#### Given data
•••••

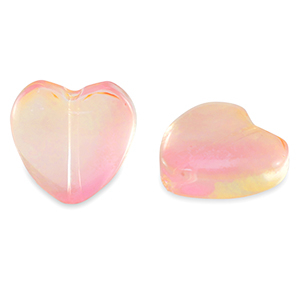 Glas Perlen Heart Peach pink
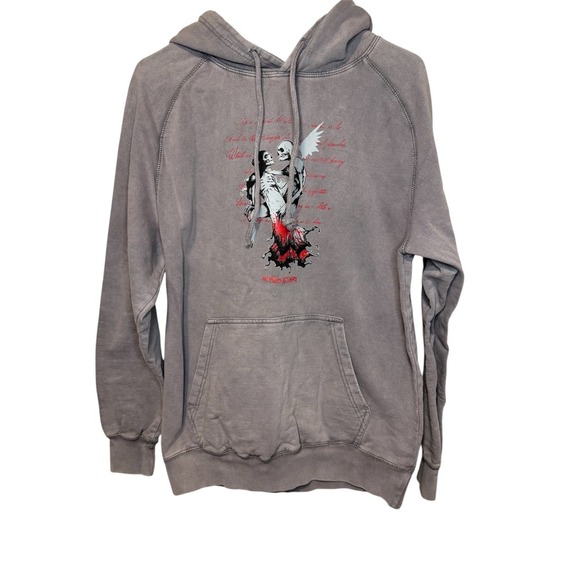 Any Means Necessary Graphic Print Hoodie Gray Mens Size M Pullover - Picture 1 of 3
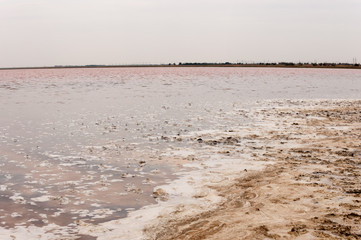 A shallow bank of clay on the salt lake Sasyk-Sivash.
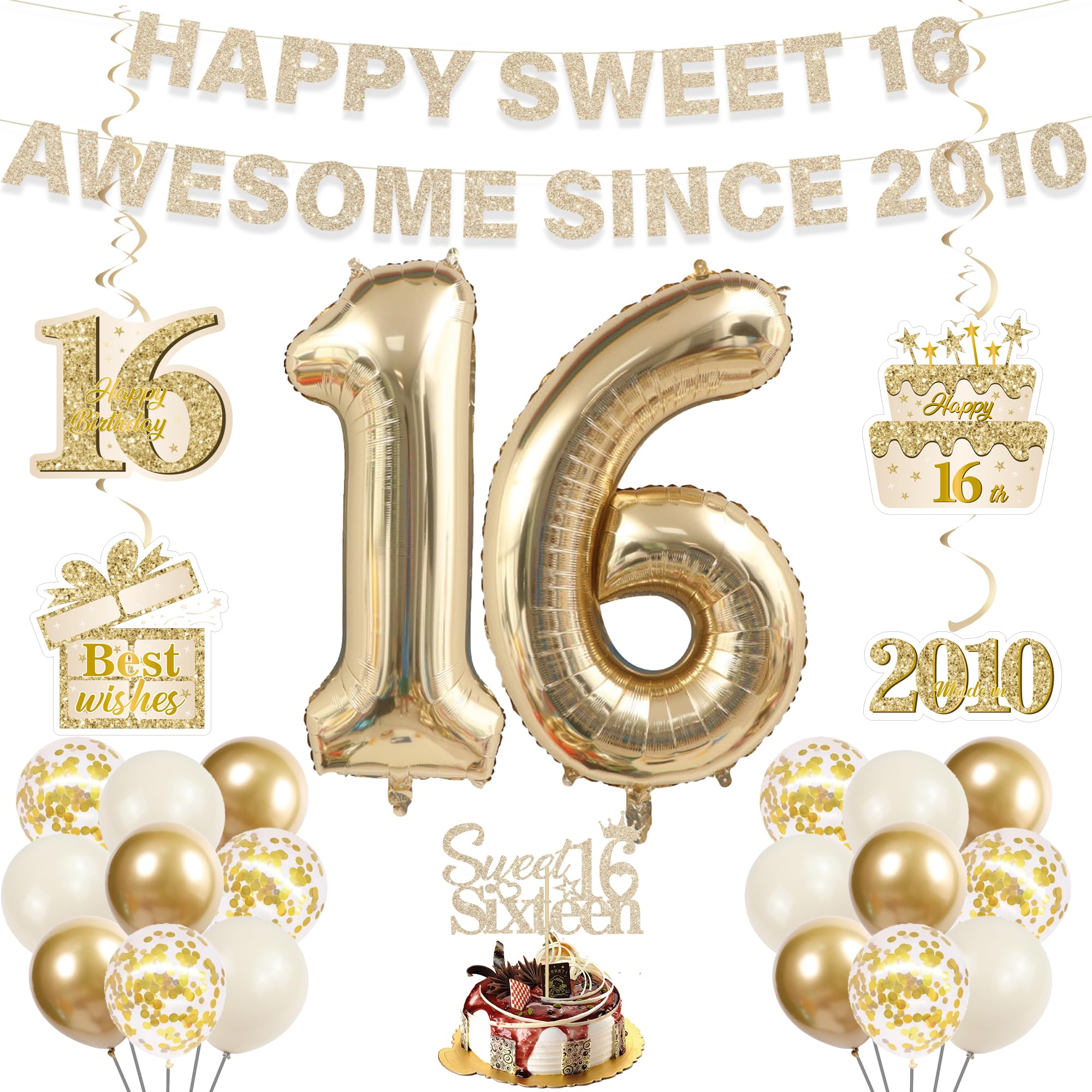 16th Birthday Decorations Girl Balloons - 27 Pcs White and Gold Happy Sweet 16 Awesome Since 2010 Banners Number Foil Balloons Hanging Swirls Cake Topper for 16 Years Old Girls Birthday Party Decor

•••••

#### Aim of the task
Please copy out the whole listing exactly as it stands, minus the pictures.

#### Task response
 Glas Perlen Heart Peach pink
 Any Means Necessary Graphic Print Hoodie Gray Mens Size M Pullover - Picture 1 of 3
 A shallow bank of clay on the salt lake Sasyk-Sivash.
 16th Birthday Decorations Girl Balloons - 27 Pcs White and Gold Happy Sweet 16 Awesome Since 2010 Banners Number Foil Balloons Hanging Swirls Cake Topper for 16 Years Old Girls Birthday Party Decor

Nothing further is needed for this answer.